Coordination of CO to low-valent phosphorus centres and other related P–C bonding situations. A theoretical case study

Abstract

The multi-faceted bonding of CO in molecular phosphorus compounds is described using calculated P–C bond strengths as a criterion. Full compliance matrices at coupled cluster level of HPCO (1a), singlet oxaphosphirane-3-ylidene HP(η²-CO)), the dimer (HPCO)₂ as well as PCH, HPCH₂ and H₂P–CH₃ were calculated to obtain quantifiable data and enable comparison. The quest for CO coordination and activation was examined for phosphaketenes 1a–f: the P–C compliance constants (in Å mdyn⁻¹) reveal a clear trend that shows a weakening of the P–CO bond strength from 1a to mono-ligation as in [(OC)₅W{P(CO)Me}] (1c) (0.301), in H₃BP(CO)Me (1b) (0.322), to bis-ligation as in [{(OC)₅W}₂P(CO)R] (1f) (0.488) to (H₃BP)₂(CO)Me (1d) (0.649). Availability of p-type electron density at phosphorus drastically strengthens the P–CO bond and weakens the C–O bond via π–back-donation, bis complexes are better described as weak CO (C→P) adducts to phosphorus. In complexes [(OC)₅W{P(CO)R}] the CO activation by phosphorus equals that of CO activation through tungsten in pentacarbonyltungsten complexes. A comparative study of various CO bonding motifs in molecular compounds indicates that acyclic (2) or cyclic diphospha-urea derivatives (2–5) or isomers (6) display P–CO bond strengths (compliance constants range 0.502–0.640) well below that of the P–C bond of H₂P–CH₃ (0.364), thus providing insight into the bonding and the ease of CO extrusion, experimentally known for some cases.
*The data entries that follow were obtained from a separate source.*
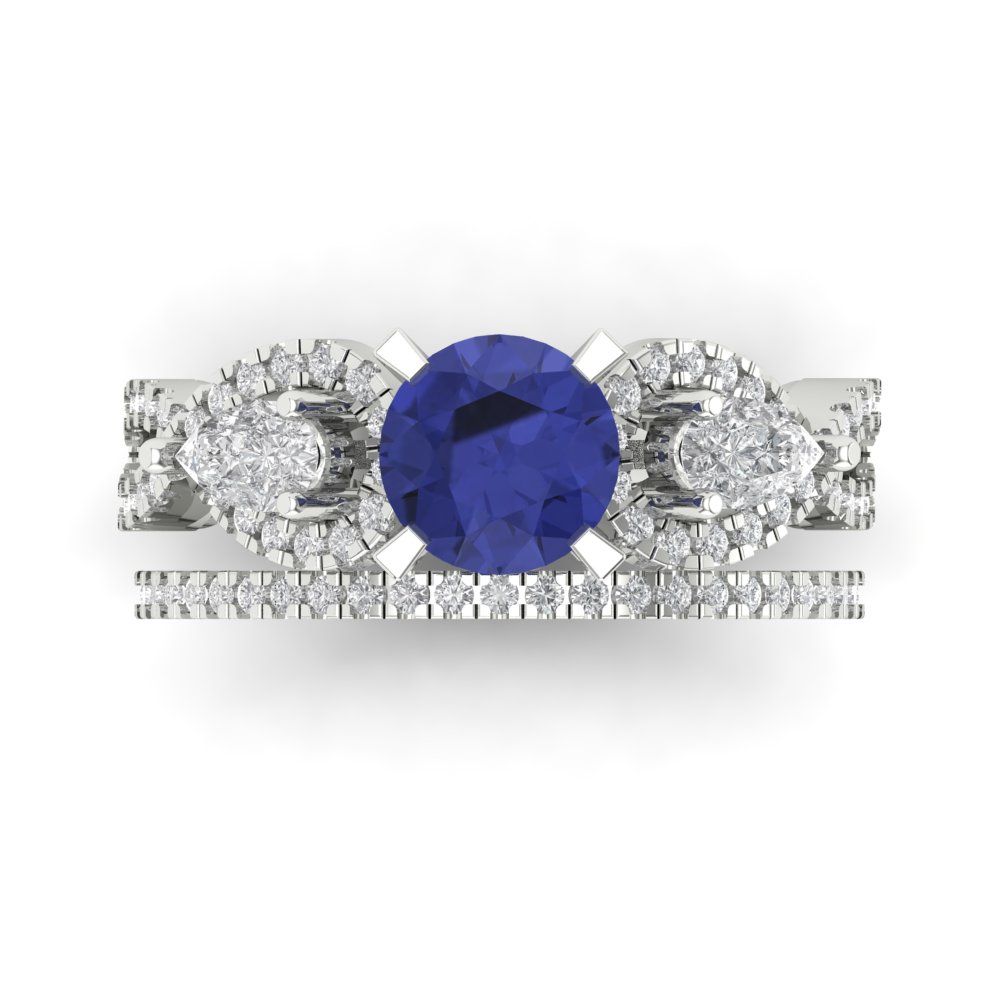 1.925 cttw Round Cut Simulated Tanzanite Bridal Set - Solid White Gold Engagement Ring & Wedding Band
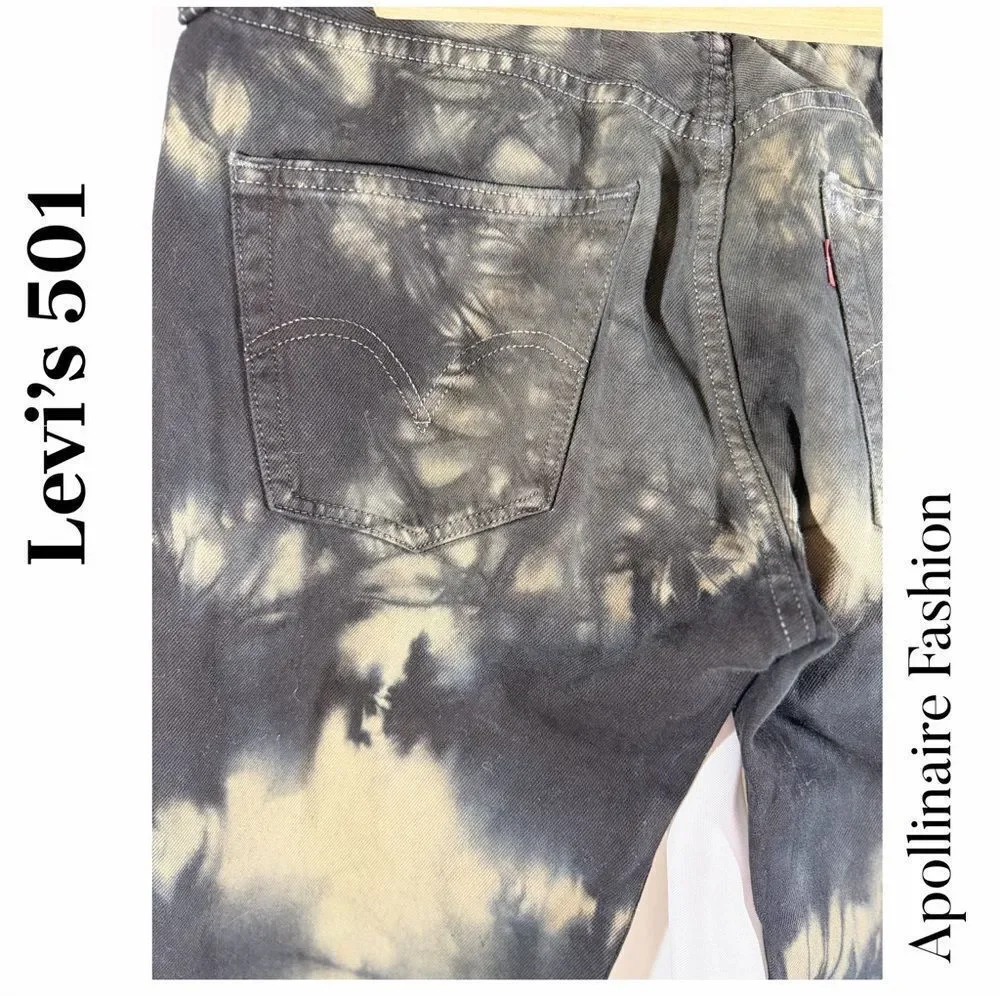 Levi's 501 Button-fly Tie Dye Denim Size 34 Black tan
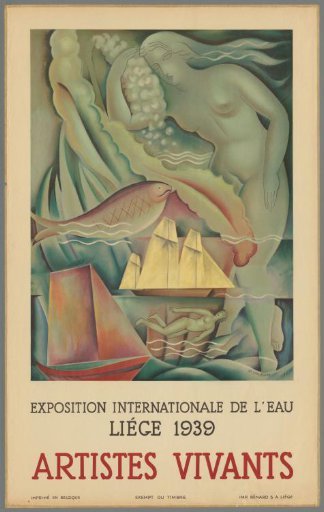 International Water Exhibition Liège 1939 Living Artists. Printed in Belgium exempt from stamp, imp. Benard S.A. Liège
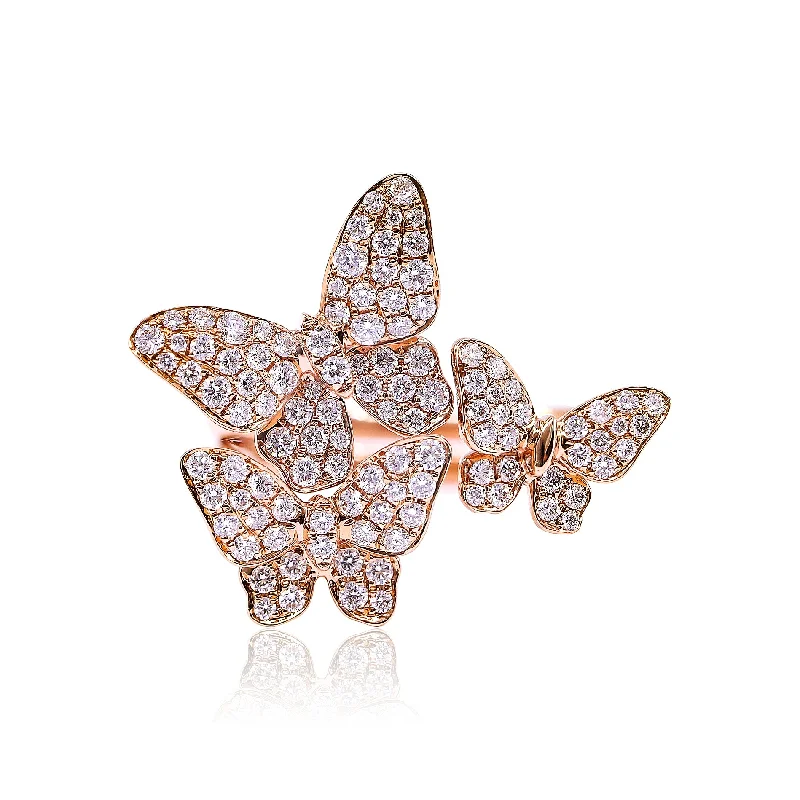 18K ROSE GOLD TRIPLE BUTTERFLY PAVE RING 1.01CTW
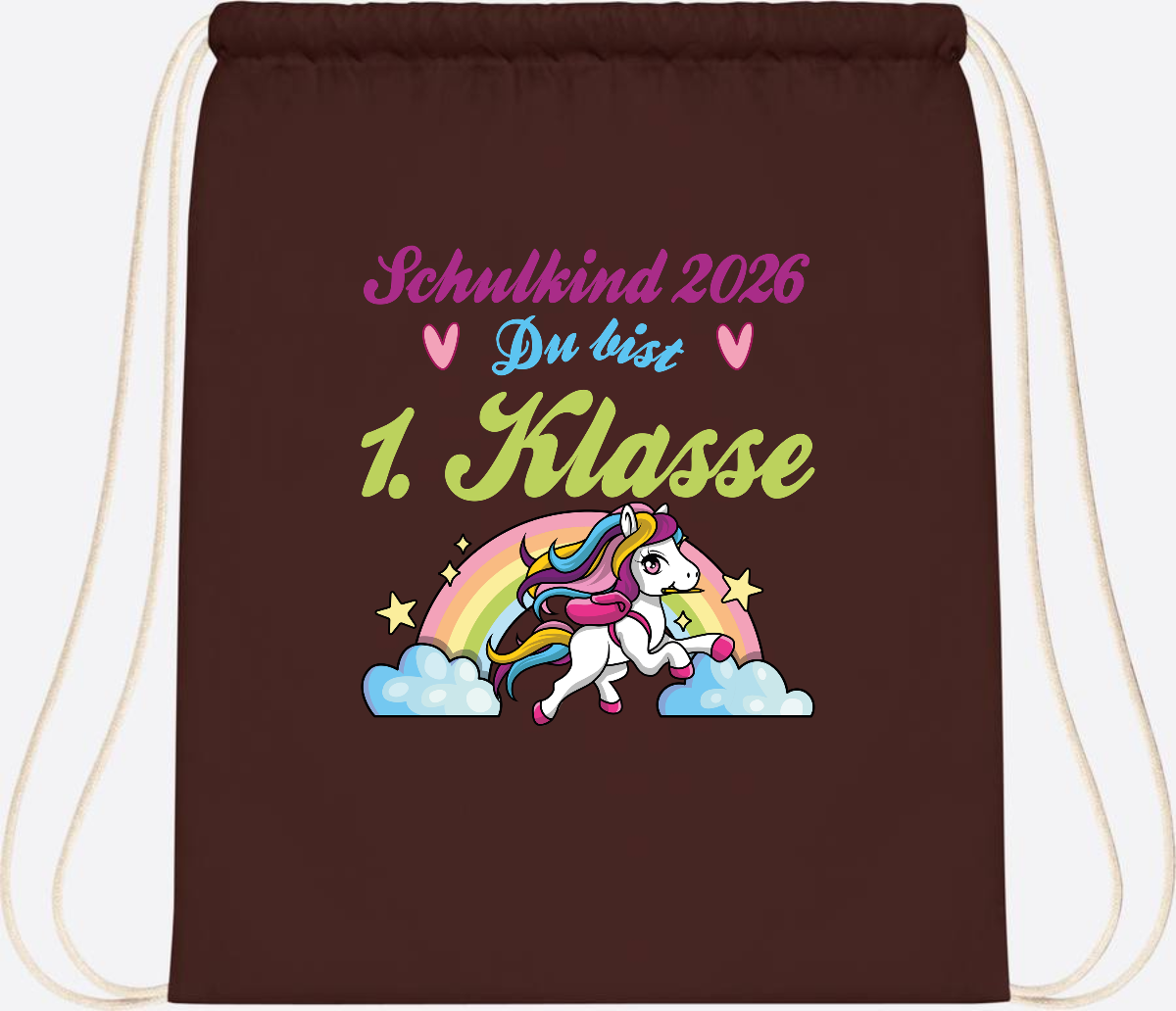 Turnbeutel Schulkind 2026 - Pferd & Regenbogen mit Namen - Chocolate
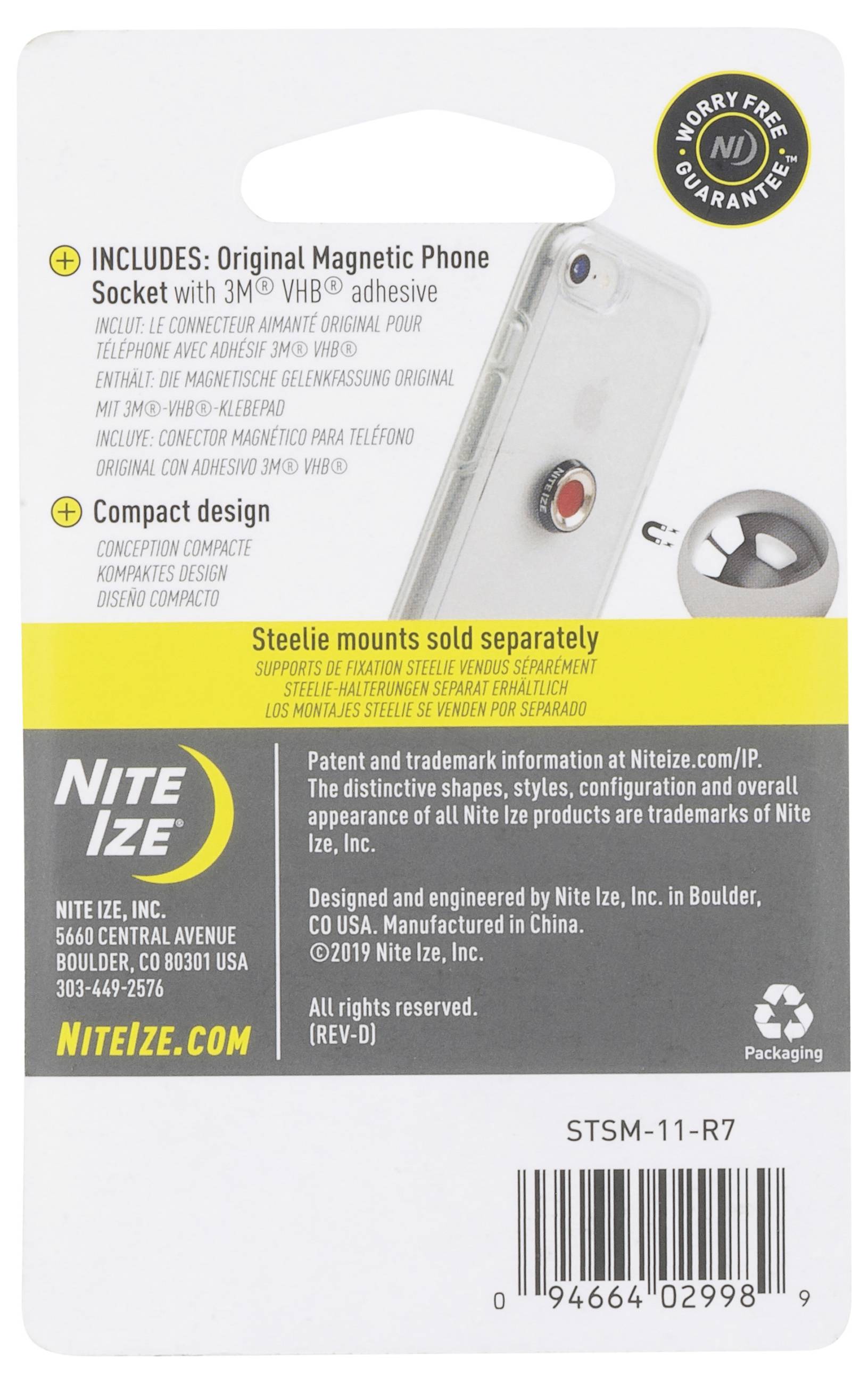 NITE Ize Steelie Magnetische Gelenkfassung Klebepad Handy-Kfz-Halterung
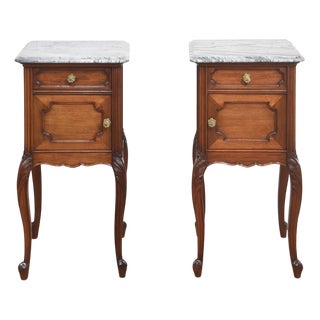 Walnut Bedside Cabinets with Marble Tops, 1890s, Set of 2 For Sale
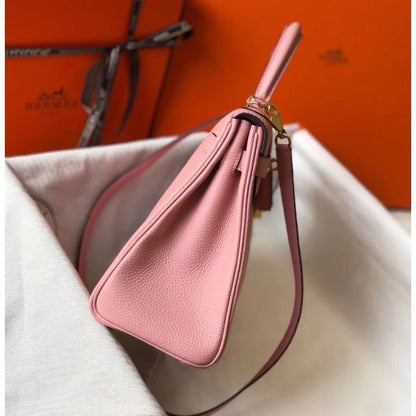 HERM Kelly 25cm Retourne Bag In Pink Clemence Leather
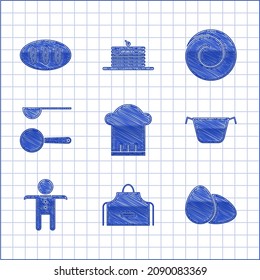 Set Chef hat, Kitchen apron, Chicken egg, Cooking pot, Holiday gingerbread man cookie, Measuring spoon, Roll bun with cinnamon and Bread loaf icon. Vector
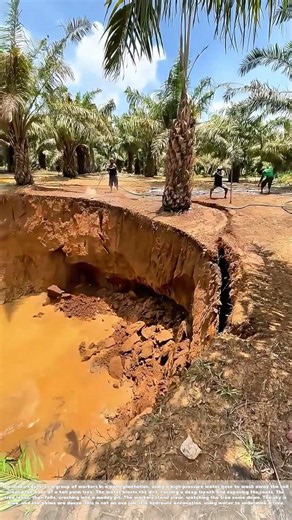 Washing the Roots: How a Crew Uses Water to Topple a Roadside Palm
A highly unusual adduct of CO was obtained in silico through two-fold P-ligation in diphosphiren-3-ones 2a–d, the parent compound of which was found to be properly described as a side-on (PP)→(CO) complex, in contrast to its aza-analogue 2a^N. A drastic weakening of the P–CO bond strength is observed from P₂CO (2a) (0.502) to the C₂-symmetrical (H₃BP)₂CO (2b) (0.913); the latter represents an extreme case of a weakly bound CO. Furthermore, calculated ³¹P NMR shifts and scalar ¹J(P,E) couplings were correlated with P–CO and PC–O compliance constants as a tool for experimentalists.